:: EXERCISE DETAILS ::
Copy verbatim the span of lines beginning at the line that contains "SXQ_6014_.jpg" and ending with the final line of the data. Exclude pictures from the copy.

Stored items:

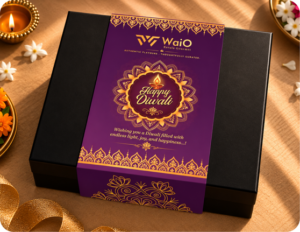 Kerala Gourmet | Diwali Hamper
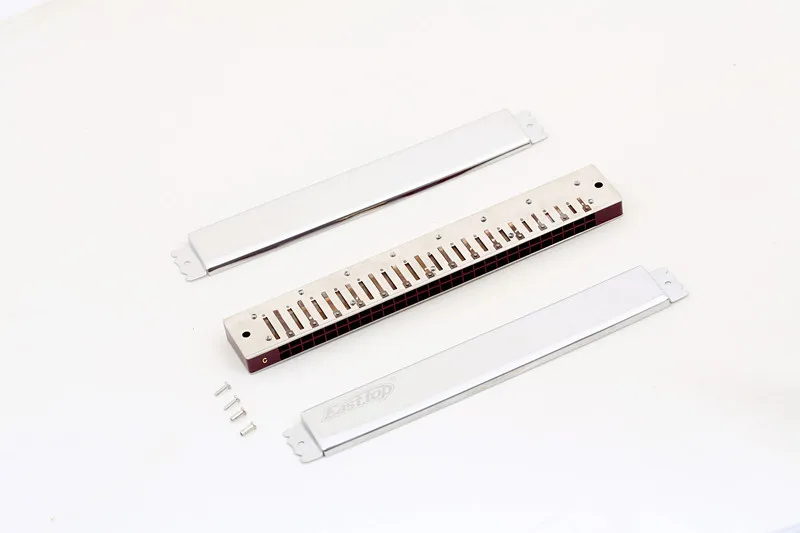 SXQ_6014_.jpg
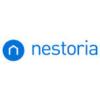 Nestoria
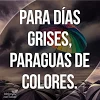 Mcbriongos Briongos Avatar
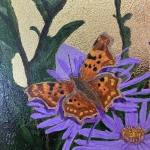 Comma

:: YOUR RESPONSE ::
 SXQ_6014_.jpg
 Nestoria
 Mcbriongos Briongos Avatar
 Comma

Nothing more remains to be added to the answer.